--- Work task ---
Using the records below, return exactly the lines from the one containing "2019 Tesla Model" through the last, and omit pictures.

——————

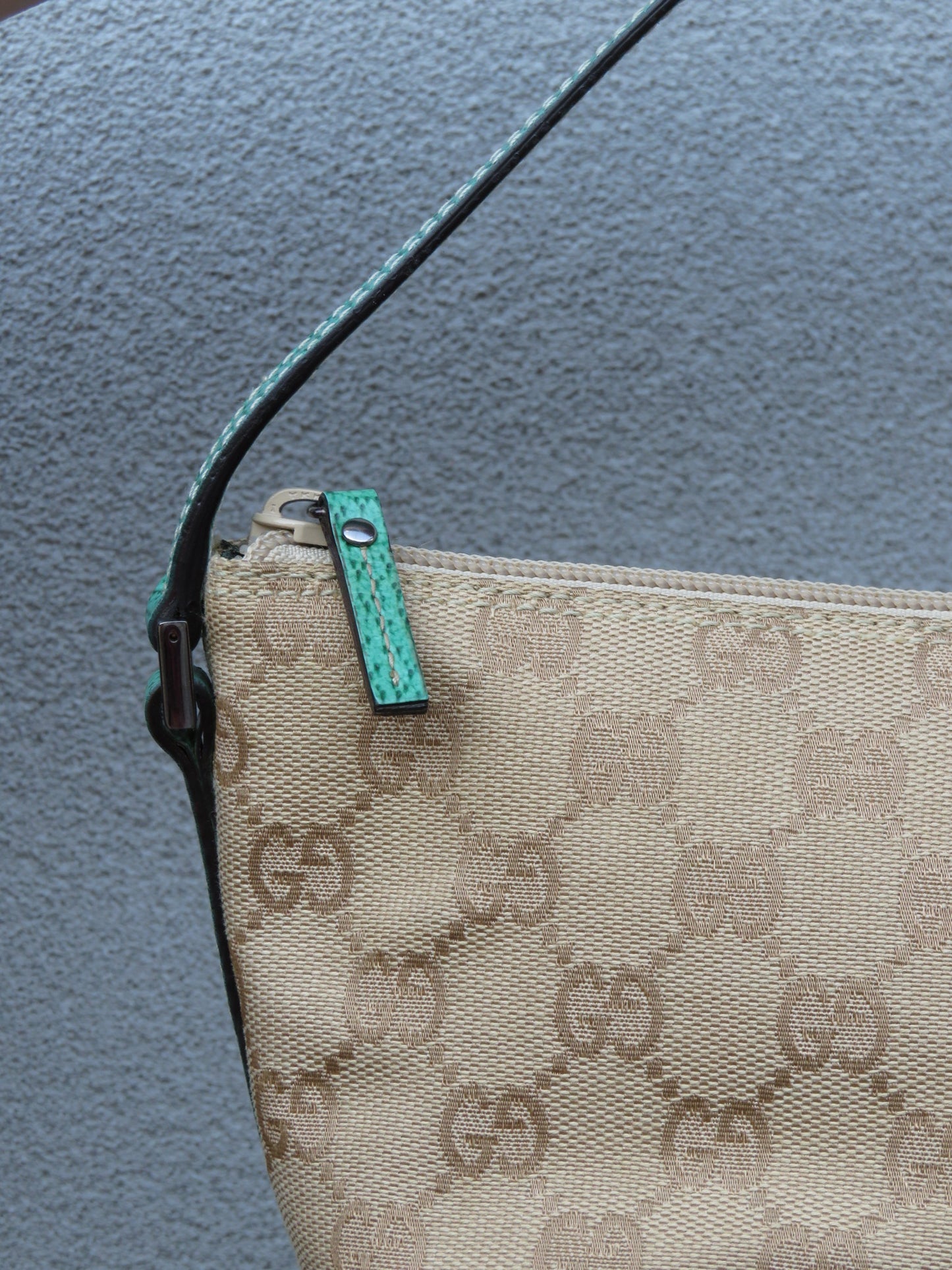 Authentic Gucci Monogram Mini Bag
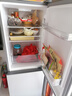 容声186L两门小冰箱小户型节能超薄冷藏冷冻两用保鲜出租房宿舍迷你低噪音以旧换新BCD-186E10BNLAD 实拍图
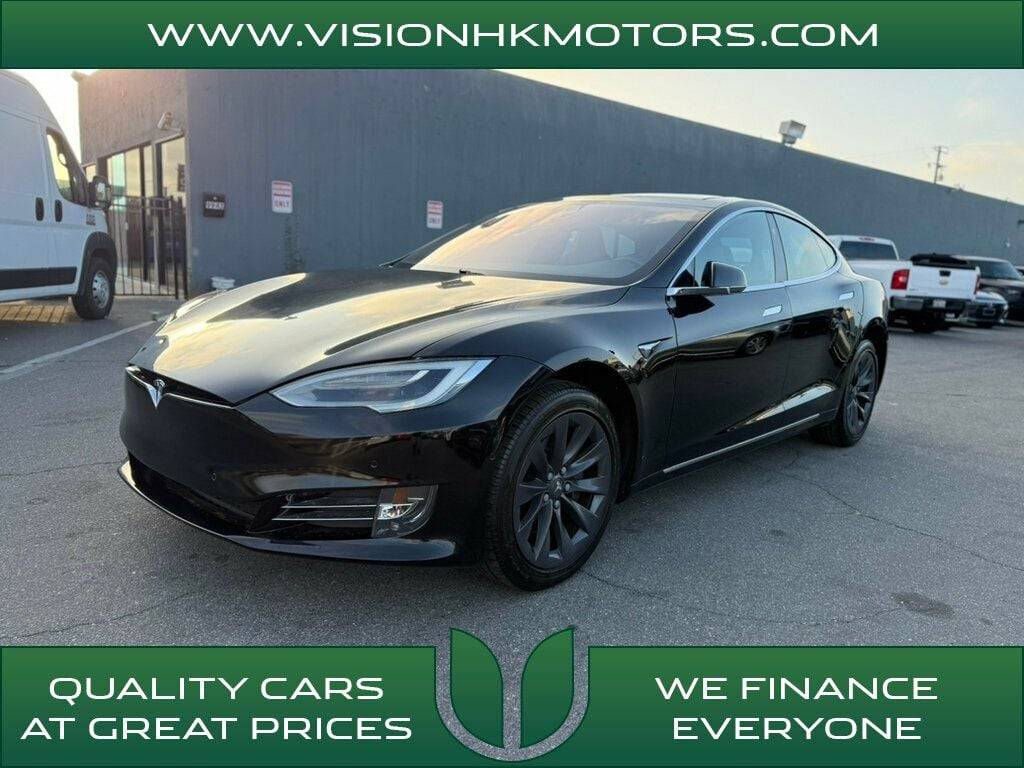 2019 Tesla Model S 75D — Hatchback — 67,232 mi — GARDEN GROVE, CA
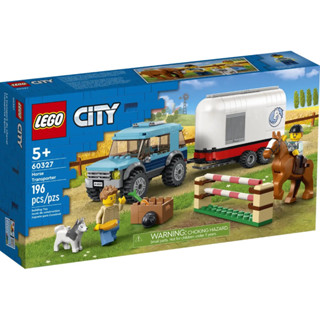 LEGO® City 60327 Horse Transporter - เลโก้ใหม่ ของแท้ 💯% กล่องสวย พร้อมส่ง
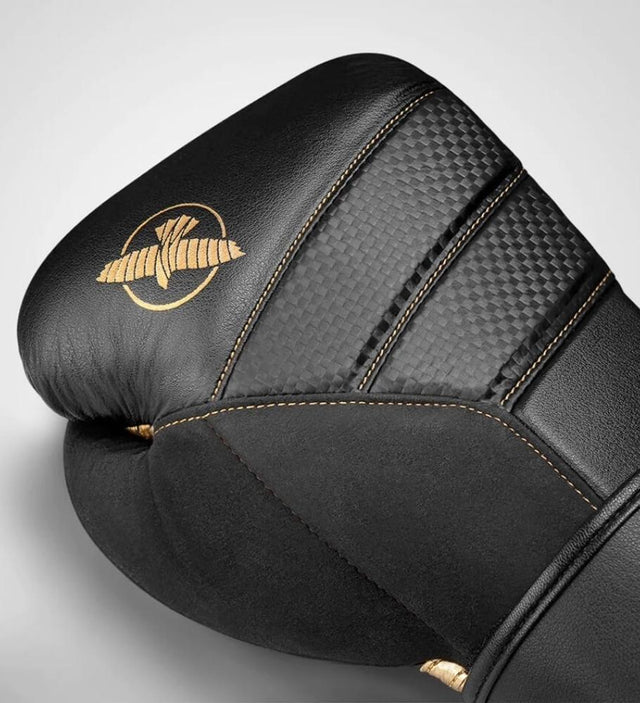 Rękawice bokserskie Hayabusa T3 – Czarne/Złote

——————

--- Exercise solution ---
 2019 Tesla Model S 75D — Hatchback — 67,232 mi — GARDEN GROVE, CA
 LEGO® City 60327 Horse Transporter - เลโก้ใหม่ ของแท้ 💯% กล่องสวย พร้อมส่ง
 Rękawice bokserskie Hayabusa T3 – Czarne/Złote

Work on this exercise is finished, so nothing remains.